Tumi Mogorosi - "Sometimes I Feel Like A Motherless Child"

This is only South African drummer Tumi Mogorosi’s second album as a leader, but he’s also a member of Shabaka Hutchings’ group Shabaka And The Ancestors. Like his last album, 2014’s Project ELO (no, not a reference to the ’70s prog-pop band), this disc features a small jazz group — Tumi Pheko on trumpet, Mthunzi Mvubu of the Ancestors on alto sax, Reza Khota on electric guitar, and Dasilu Ndlazi on upright bass — with guest vocalists singing lead on various tracks…and a 10-member choir heard across the entire album.

The choir’s wordless, ascending melodies give the music an effect that brings to mind Kamasi Washington’s The Epic, as well as classic jazz records like Billy Harper’s Capra Black and Andrew Hill’s Lift Every Voice. Mogorosi has an amazing way with a shuffling beat; it sounds like someone shifting their feet in the dirt as they prepare to dance, and the horns float blissfully on top, as the guitar and bass lay down a bed of chords. Pianist Andile Yenana appears on four tracks, including two versions of the spiritual “Sometimes I Feel Like A Motherless Child,” each featuring a different lead vocalist. The first is Siya Mthembu from The Brother Moves On, who delivers the lyrics in a low and resonant voice that brings to mind Dwight Trible as well as Paul Robeson. (From Group Theory: Black Music, out now via Mushroom Hour Half Hour.)


Tyshawn Sorey Trio - "Enchantment"

Drummer and composer Tyshawn Sorey has made several albums with traditional trio lineups — piano, upright bass, drums — both as a leader and a sideman. But this one is unique in his discography, as it displays direct engagement with “the tradition.” The group plays tunes by Duke Ellington, Horace Silver, Bill Evans, Paul Motian, and Muhal Richard Abrams, as well as a version of “Autumn Leaves,” one of the most often-recorded standards of all time. And they do so in a way that respects not only the compositions, but the tradition of jazz performance. There are no attempts at deconstruction here, no distance from the material. These are beautiful songs, and Sorey and his bandmates, pianist Aaron Diehl and bassist Matt Brewer, want you to know that, and know that they love these songs.

Diehl is one of my favorite pianists right now. He has a quality to his playing, both behind singer Cécile McLorin Salvant and as a leader, that I can only describe as “urbane”; he’s deeply engaged with jazz history, not only with Salvant (who unearths long-forgotten but amazing songs from the first half of the 20th century and imbues them with new life and power) but in his work on projects led by trombonist Wycliffe Gordon — tributes to Louis Armstrong and Duke Ellington — and on Branford Marsalis’s soundtrack to the 2020 Netflix movie Ma Rainey’s Black Bottom.
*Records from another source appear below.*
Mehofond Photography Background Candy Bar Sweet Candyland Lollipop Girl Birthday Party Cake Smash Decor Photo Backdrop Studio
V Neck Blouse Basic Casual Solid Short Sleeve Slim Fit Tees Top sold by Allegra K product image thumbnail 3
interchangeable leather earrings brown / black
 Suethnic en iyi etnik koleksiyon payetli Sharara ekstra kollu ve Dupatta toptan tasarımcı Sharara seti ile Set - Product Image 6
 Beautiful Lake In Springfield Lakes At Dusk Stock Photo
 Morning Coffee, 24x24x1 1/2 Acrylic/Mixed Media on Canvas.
On his own albums, he mixes his own tunes with standards and pieces by Prokofiev and Philip Glass. Brewer is a journeyman bassist who can deliver exactly what’s needed in basically any context; he has a deep melodic sense but also a perfect instinct for when to lay back and support Diehl. And Sorey, the leader in the sense that he put this trio together and likely chose all the material, plays a traditional jazz drummer’s role here. He’s never dominant — indeed, he often disappears entirely, letting Diehl float in midair, and sometimes he just plays brushes with incredible gentleness.

The opening version of Silver’s “Enchantment” lets you know exactly what to expect; it begins with Diehl alone, striking chords and extrapolating softly, but when the bassist and drummer come in behind him, the groove is instantly present, swinging hard in a way that lets you know just how steeped Sorey is in Western musical history — there’s hip-hop and funk and swing and even some rock in his playing, but he makes it all work as jazz. This is a beautiful record, one to be absorbed at leisure and at length. (From Mesmerism, out now via 7yeros Music.)